Welcome to So Wedding Unique, a blog written by a bride-to-be for brides-to-be. I have decided to share my own experiences of designing and planning a wedding with the hope of inspiring and entertaining, providing ideas and advice for others to create their own unique wedding. Come and have a look around!

Tuesday 3 May 2011

How do you plan a wedding when you're on different continents?

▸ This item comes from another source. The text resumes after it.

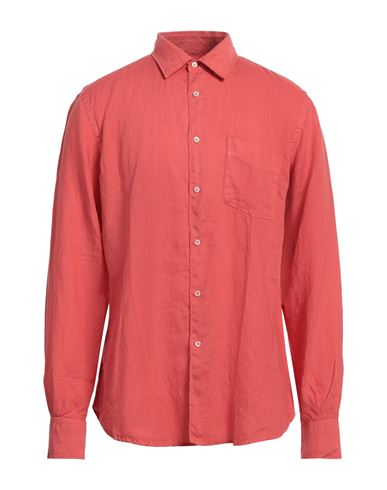 ASPESI ASPESI MAN SHIRT CORAL SIZE 16 ½ LINEN 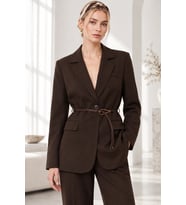 Kadın Astarlı Garni Kol Detaylı Kemerli Blazer Ceket - Kuşaklı Şık Ceket - Acı Kahve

Well, obviously this depends on which continents you might be on, some being less accessible than others. I am in sunny Wiltshire. My husband-to-be, on the other hand, has spent all but seven weeks of our engagement in Iraq. There lies the potential problem. Communication. Skype is a wonderful invention, and had it not been for Skype, then my groom wouldn’t have had a great deal of input at all. The ball would have certainly been in my court. ‘Hurraah!’ I here some of you say, no grumpy grooms! We can make all the decisions! And in some cases, I’m sure that is definitely preferred scenario Number 1. The wedding planning experience may often leave grooms begging for a reprieve, and ‘guy’ time where they do just need to check that their manhood is still present. Decisions on centre pieces, colours of the bridesmaids’ dresses and hand-making party favours, meetings with the caterers and photographers all may just be one step too far. After all, shopping for a ring and plucking the courage up to propose was what we really wanted them to do anyway and they’ve come up trumps on that one.

So what about scenario Number 2? This is of course the scenario where your groom is equally as excited about planning a wedding as you and is eager to involve himself where possible. Believe me, it does happen, I’m engaged to one of these phantom grooms. There are of course parts of the wedding that he doesn’t have a great deal of interest in, choosing the colour scheme being one of them. Fine by me. It took me long enough to come to a decision on that one without the input of a man without such a keen eye for colour. However, when it’s come to injecting our personality as a couple, he’s been right up there with me, suggestions I’ve given often being met with, ‘Yeah! Let’s do that! Han, I love it!’

Skype has been our saving grace. Whilst some of the planning meetings I have had to do alone, he’s always been there, on the end of a keyboard, headset at the ready, to hear about progress on the wedding or to help me make a decision on party favours, or decorations for the bar. The Bar. That is his domain, eager to inject his own stamp on the wedding, he has come up with some great ‘alternative’ ideas which he is mightily proud of, all linked to our holiday to Maui last year, and actually, they’re pretty great.

For the most part, he has put up with my frequent and probably rather annoying Skypes about the minutest detail of the wedding. For that, I think he probably deserves a medal. It doesn’t matter whether he hasn’t had time to have lunch that day, or he’s just about to deliver a report he’s written, my future husband will make time to humour me on my next idea for the wedding. So perhaps that’s where being on different continents has worked for us. He hasn’t been here to have to decide whether to go to the pub or to stay at home and make wedding invitations, and when he has been on leave, he is has not had to be dragged to meet the caterer. He has come willingly… as long as I leave the little details to keep me occupied when he’s away.